I have a couple on my walls from back when DSLR's had a maximum of only 6mp..


----------



## rufus5150 (Jun 26, 2010)

10mp will do 20x30 just fine. I've dozens from my XTi. If you want some extra insurance, you can get something like genuine fractals which does a pretty amazing job upsizing images.


----------



## DaevidClarke (Jun 27, 2010)

use my d80 (10.2mp). i print large all the time. never had a problem.


----------



## KmH (Jun 27, 2010)

A couple of points:

DPI (Dots-Per-Inch) is meaningless for digital photographs. _It's *PPI*_ (Pixels-Per-Inch). DPI is only valid when discusing printer resolution. DPI and *PPI* are _not the same thing_. It can take as many as 8 dots to render a single pixel.
300 *ppi* has become an arbitrary number that in the early days of digital was used to compare the quality of a print made from a digital image, to a print from a specific ASA value of print film.
Like Derrel mentioned, it really depends on the image, but most will be fine at substantially less than 300 *ppi*.
Most consumer print labs have printers that have a max resolution of 250 *ppi*. 

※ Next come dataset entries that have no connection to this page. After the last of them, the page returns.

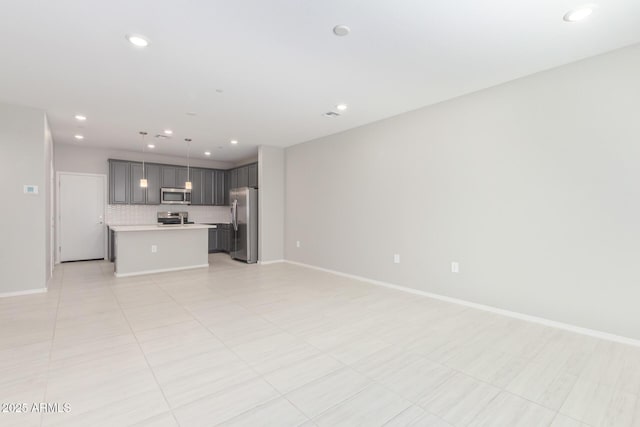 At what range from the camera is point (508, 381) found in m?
2.13

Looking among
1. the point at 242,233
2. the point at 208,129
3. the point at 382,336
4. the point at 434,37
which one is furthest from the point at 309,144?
the point at 382,336

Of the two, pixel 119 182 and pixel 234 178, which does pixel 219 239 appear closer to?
pixel 234 178

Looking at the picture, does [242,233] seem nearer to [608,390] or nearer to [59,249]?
[59,249]

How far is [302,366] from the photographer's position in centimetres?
234

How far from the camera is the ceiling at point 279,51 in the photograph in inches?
87.1

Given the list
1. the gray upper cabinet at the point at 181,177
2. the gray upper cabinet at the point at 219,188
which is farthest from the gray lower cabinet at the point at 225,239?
the gray upper cabinet at the point at 181,177

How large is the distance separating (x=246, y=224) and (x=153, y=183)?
8.65 feet

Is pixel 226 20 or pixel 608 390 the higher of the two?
pixel 226 20

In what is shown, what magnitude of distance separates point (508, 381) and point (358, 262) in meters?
3.18

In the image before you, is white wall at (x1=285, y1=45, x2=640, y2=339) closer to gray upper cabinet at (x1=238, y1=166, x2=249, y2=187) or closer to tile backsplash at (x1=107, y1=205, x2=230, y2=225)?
gray upper cabinet at (x1=238, y1=166, x2=249, y2=187)

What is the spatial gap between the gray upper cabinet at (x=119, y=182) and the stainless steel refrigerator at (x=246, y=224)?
2.51 m

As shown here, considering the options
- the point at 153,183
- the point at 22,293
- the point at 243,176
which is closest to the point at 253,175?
the point at 243,176

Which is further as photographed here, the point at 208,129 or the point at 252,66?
the point at 208,129

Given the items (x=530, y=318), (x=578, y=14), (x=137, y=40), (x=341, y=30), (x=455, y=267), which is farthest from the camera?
(x=455, y=267) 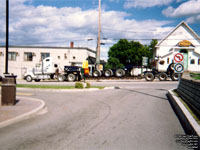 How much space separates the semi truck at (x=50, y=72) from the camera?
2856 cm

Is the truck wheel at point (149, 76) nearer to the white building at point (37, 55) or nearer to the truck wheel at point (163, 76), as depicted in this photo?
the truck wheel at point (163, 76)

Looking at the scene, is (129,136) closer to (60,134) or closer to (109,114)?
(60,134)

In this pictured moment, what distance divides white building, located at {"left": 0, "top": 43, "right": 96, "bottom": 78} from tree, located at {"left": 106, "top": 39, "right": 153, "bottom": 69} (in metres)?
22.0

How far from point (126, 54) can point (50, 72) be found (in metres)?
39.2

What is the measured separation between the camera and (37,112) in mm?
8383

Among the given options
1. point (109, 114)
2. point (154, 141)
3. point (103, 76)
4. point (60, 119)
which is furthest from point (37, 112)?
point (103, 76)

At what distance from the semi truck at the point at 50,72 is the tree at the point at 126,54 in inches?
1410

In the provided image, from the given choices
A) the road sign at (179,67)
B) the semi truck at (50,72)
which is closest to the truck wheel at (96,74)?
the semi truck at (50,72)

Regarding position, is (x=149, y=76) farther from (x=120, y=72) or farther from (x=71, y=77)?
(x=71, y=77)

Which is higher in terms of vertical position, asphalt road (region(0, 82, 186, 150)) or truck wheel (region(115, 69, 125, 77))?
truck wheel (region(115, 69, 125, 77))

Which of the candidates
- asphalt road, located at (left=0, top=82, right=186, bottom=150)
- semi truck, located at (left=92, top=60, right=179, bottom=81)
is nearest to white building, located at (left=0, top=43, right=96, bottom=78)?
semi truck, located at (left=92, top=60, right=179, bottom=81)

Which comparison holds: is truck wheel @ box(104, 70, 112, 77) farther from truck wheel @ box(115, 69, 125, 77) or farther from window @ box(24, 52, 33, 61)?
window @ box(24, 52, 33, 61)

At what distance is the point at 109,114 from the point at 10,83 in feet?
15.1

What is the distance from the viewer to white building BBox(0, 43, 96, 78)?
43656 millimetres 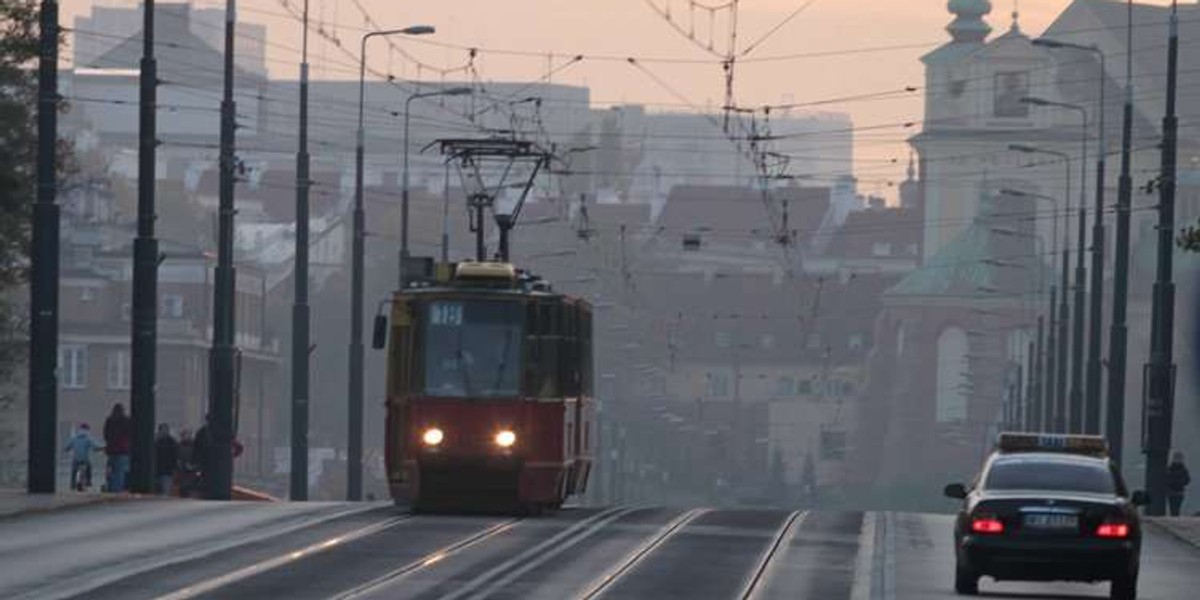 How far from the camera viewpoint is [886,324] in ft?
628

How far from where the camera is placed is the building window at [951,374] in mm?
184500

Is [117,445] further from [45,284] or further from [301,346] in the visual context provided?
[301,346]

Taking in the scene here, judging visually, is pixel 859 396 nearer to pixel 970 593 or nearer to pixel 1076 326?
pixel 1076 326

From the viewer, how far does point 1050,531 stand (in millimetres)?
35406

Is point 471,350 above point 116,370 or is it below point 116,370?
above

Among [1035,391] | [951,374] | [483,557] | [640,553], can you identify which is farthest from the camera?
[951,374]

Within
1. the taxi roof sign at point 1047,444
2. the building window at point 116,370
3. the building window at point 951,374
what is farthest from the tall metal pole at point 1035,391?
the taxi roof sign at point 1047,444

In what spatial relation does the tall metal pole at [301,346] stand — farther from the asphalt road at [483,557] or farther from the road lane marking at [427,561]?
the road lane marking at [427,561]

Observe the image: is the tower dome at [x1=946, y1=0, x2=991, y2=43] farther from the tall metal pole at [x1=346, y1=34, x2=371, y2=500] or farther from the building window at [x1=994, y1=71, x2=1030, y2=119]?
the tall metal pole at [x1=346, y1=34, x2=371, y2=500]

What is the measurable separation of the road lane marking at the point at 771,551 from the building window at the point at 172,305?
10403 centimetres

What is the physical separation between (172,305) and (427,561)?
118 metres

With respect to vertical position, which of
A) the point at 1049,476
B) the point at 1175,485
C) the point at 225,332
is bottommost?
the point at 1175,485

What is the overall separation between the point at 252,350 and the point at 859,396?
47609 millimetres

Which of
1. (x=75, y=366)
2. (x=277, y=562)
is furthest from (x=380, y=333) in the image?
(x=75, y=366) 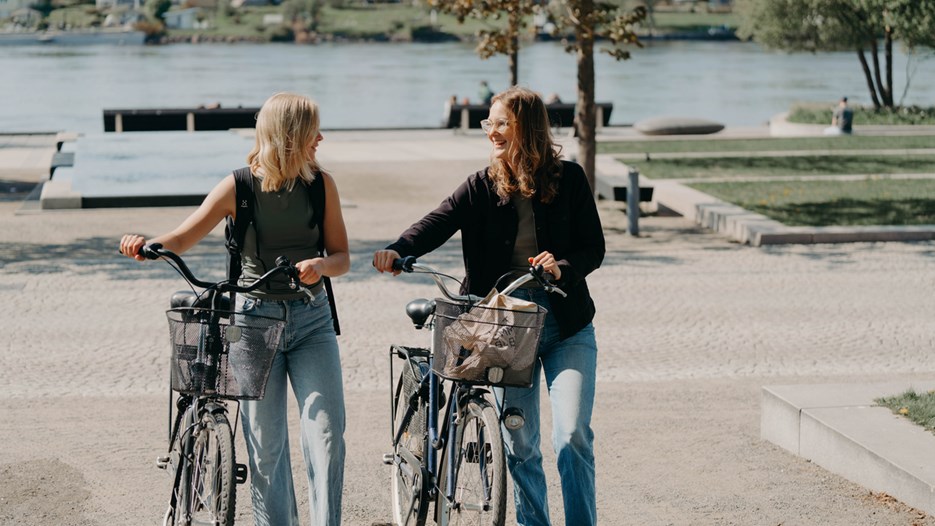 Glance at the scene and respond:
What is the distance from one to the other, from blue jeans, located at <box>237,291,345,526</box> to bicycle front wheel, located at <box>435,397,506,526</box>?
0.38 meters

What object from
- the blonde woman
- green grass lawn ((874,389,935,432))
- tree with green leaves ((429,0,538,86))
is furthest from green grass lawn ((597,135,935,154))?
the blonde woman

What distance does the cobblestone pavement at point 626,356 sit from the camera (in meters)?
5.65

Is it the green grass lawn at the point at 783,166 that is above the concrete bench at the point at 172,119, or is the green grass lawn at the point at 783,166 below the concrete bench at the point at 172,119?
above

> The Mpix printers output at 250 ppi.


 As an example the consumer print lab www.mpix.com stakes their very good reputation on a minimum required *ppi* of 100.
*How to prepare your images.* Mpix.com - Help


----------



## Forest Power Ranger (Jun 27, 2010)

Any thing 6/8mp and over can print real big. Look at it this way, the bigger the print, the farther away you'll stand to look at it. When you stand back you aren't going to notice the pixels. It will print it just fine. 

You don't stand 1 foot from a billboard to look at it.


----------